Avez-vous des dizaines de projets ébauchés, inachevés, dans vos tiroirs, ou bien lorsqu’une idée de livre naît, vous la portez jusqu’au bout, même si c’est difficile, même si c’est laborieux?
L’idée est ce qui importe le plus. On a l’habitude de dire qu’on est trois, lorsqu’on fait un livre: Germano, Albertine et l’idée. Nous n’avons pas beaucoup de projets avortés, peut-être trois en 20 ans. On est assez sûrs de nos idées, alors on s’accroche. Certains livres peuvent mettre cinq ans à arriver, ce sont des projets longs, compliqués; d’autres se finissent en un mois.
Tu travailles souvent un thème en «série». Des danseurs, des amoureux, des jardins, des lacs. Qu’est-ce qu’une série t’apporte? Quelle est la particularité de cet exercice de style?
La série permet d’asseoir un sujet, de tourner autour, de l’user jusqu’à la corde. De le comprendre. Trouver sa vérité. Le faire et le refaire, c’est l’aimer, le rendre concret, vivant. Et c’est ma façon à moi de raconter des histoires, car je suis auteure, comme Germano. Je suis dessinatrice. Je ne suis pas illustratrice.
Avec Germano, vous faites donc des livres, mais aussi des films d’animation. Tu crées des objets, des jeux, des robes; tu as peint des affiches, décoré des chambres d’hôtel. Quel terrain de jeu souhaites-tu expérimenter encore?

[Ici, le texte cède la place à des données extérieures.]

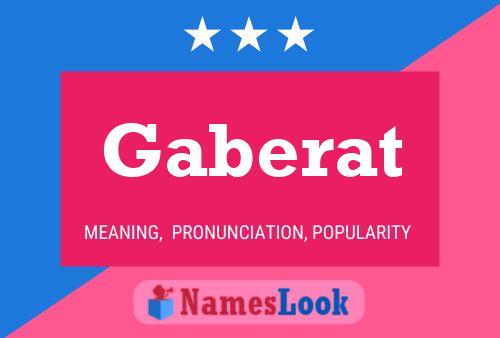 Poster del nome Gaberat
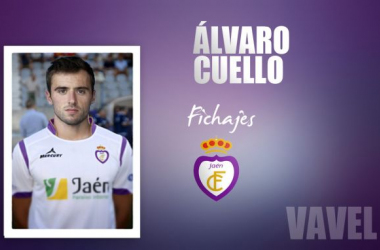 Álvaro Cuello es el primer fichaje del Real Jaén CF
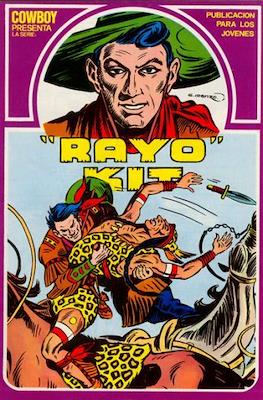 Cowboy presenta Rayo Kit / Dick Relampago (Grapa) #7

Le décor de théâtre! Cette idée me plaît infiniment. Je vais sûrement le faire, bientôt. Tout est question de collaboration. Je peux tout faire, si on me laisse libre. Si j’ai cette liberté totale et un bon feeling avec l’autre personne, je peux faire une couverture de disque, de la BD, collaborer avec un musicien. Il faut juste de la confiance, du dialogue, du partage et de la liberté.
Quelle place a occupé l’enseignement dans ta vie? Quelle place occupe peut-être encore à présent la transmission?
L’enseignement a été un très bon moment dans ma vie. J’ai aimé les étudiants, comme on aime des personnes intéressantes; j’ai aimé les accompagner. J’ai appris à exprimer des idées. En revanche, je n’ai pas aimé le pouvoir dans l’enseignement, l’obligation d’avoir un jugement sur le travail. Je me méfie de plus en plus du pouvoir. La transmission, c’est être attentif à l’autre, donner des références, nourrir sa démarche, ouvrir des portes, des champs de curiosité pour que l’élève puisse grandir et trouver sa propre démarche créatrice.
Que représente le dessin, pour toi? Un refuge, un travail, un jeu, un enjeu? Autre chose encore?
Tout cela, plus le bonheur.
Après une licence en Lettres et la naissance de ses deux filles, Sylvie Neeman s’est peu à peu spécialisée en littérature pour la jeunesse. Elle a dirigé pendant quatorze ans la revue Parole de l’Institut suisse Jeunesse et Médias. Depuis 2002, elle écrit des chroniques pour le journal Le Temps.
Elle a publié un roman pour les adultes et une dizaine de livres pour les enfants, dont trois ont été illustrés par Albertine.